DATA SHOWN:
=== Section Start ===

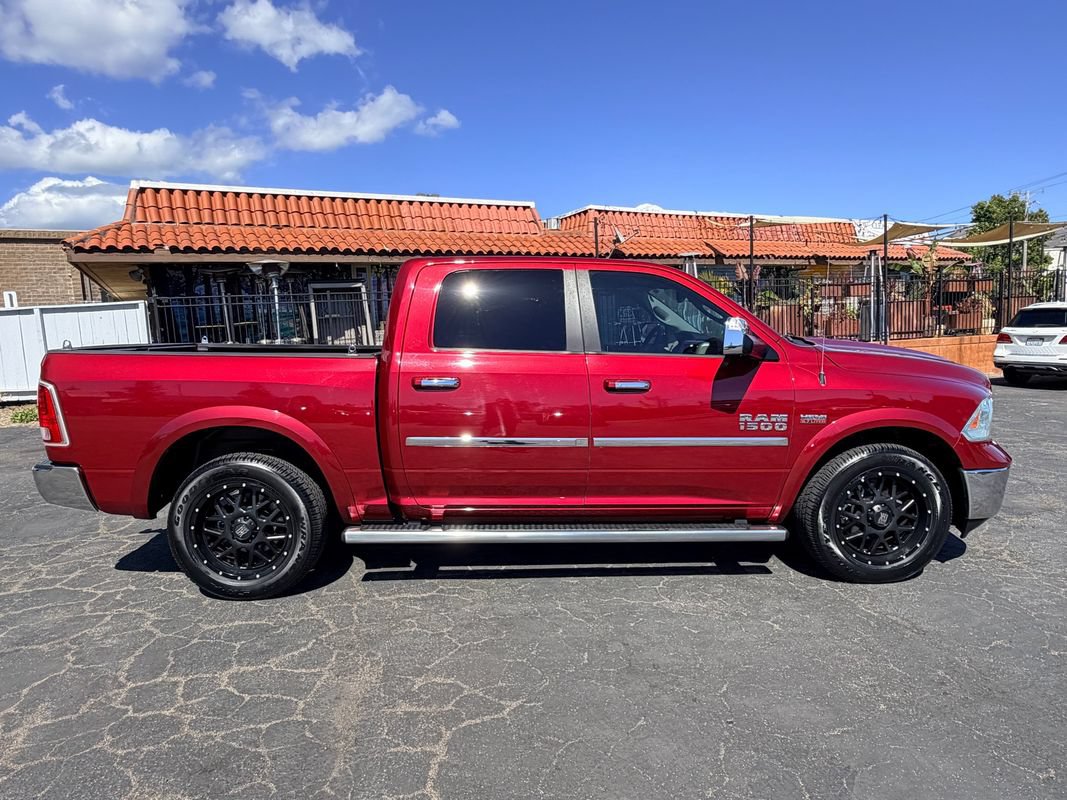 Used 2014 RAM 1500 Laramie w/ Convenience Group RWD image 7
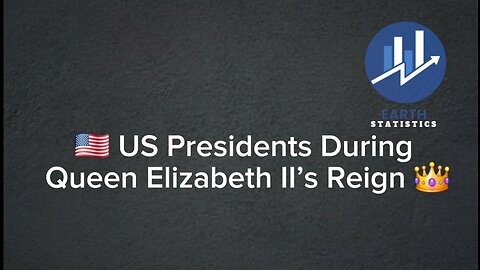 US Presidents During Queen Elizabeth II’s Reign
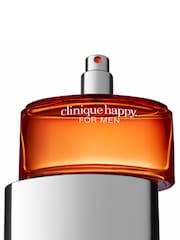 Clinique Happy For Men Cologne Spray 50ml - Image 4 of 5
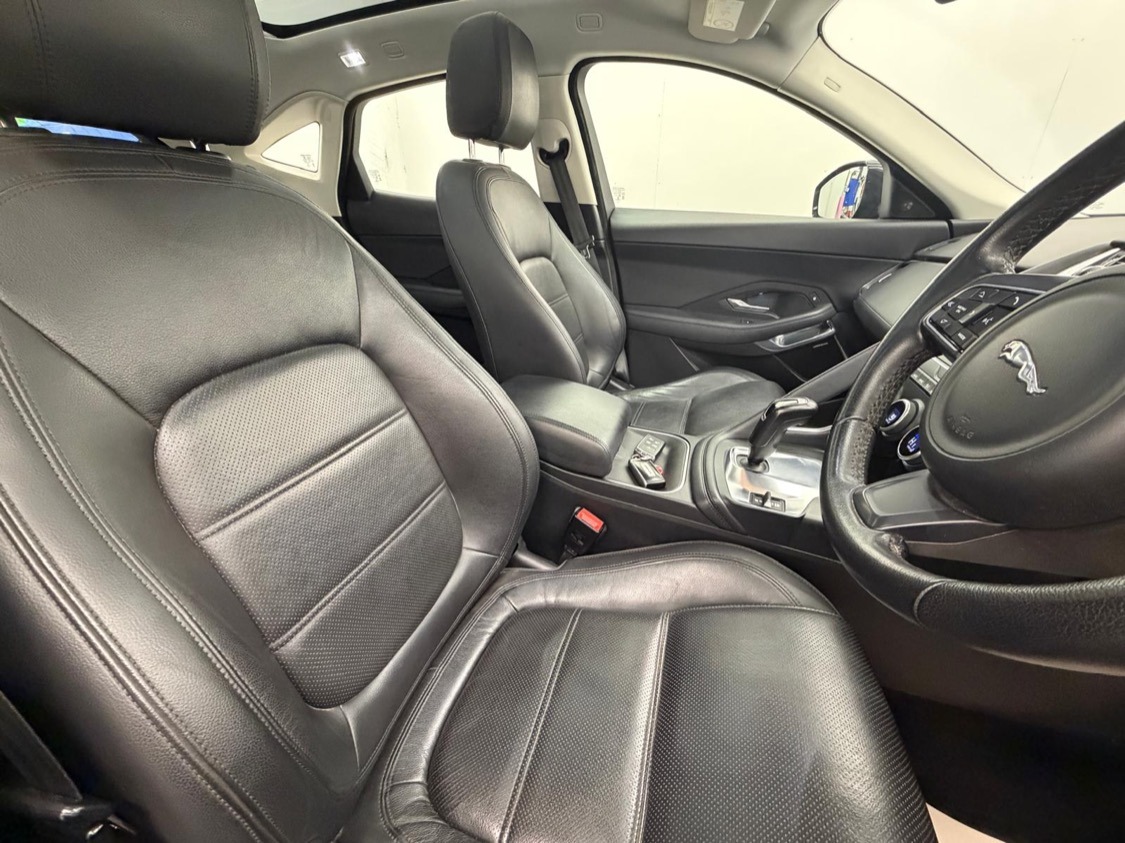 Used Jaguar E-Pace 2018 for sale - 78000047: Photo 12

=== Section End ===

EXERCISE DIRECTIONS: I'd like the data above duplicated exactly, with no pictures included.

REPLY TO THE TASK:
 Used 2014 RAM 1500 Laramie w/ Convenience Group RWD image 7
 US Presidents During Queen Elizabeth II’s Reign
 Clinique Happy For Men Cologne Spray 50ml - Image 4 of 5
 Used Jaguar E-Pace 2018 for sale - 78000047: Photo 12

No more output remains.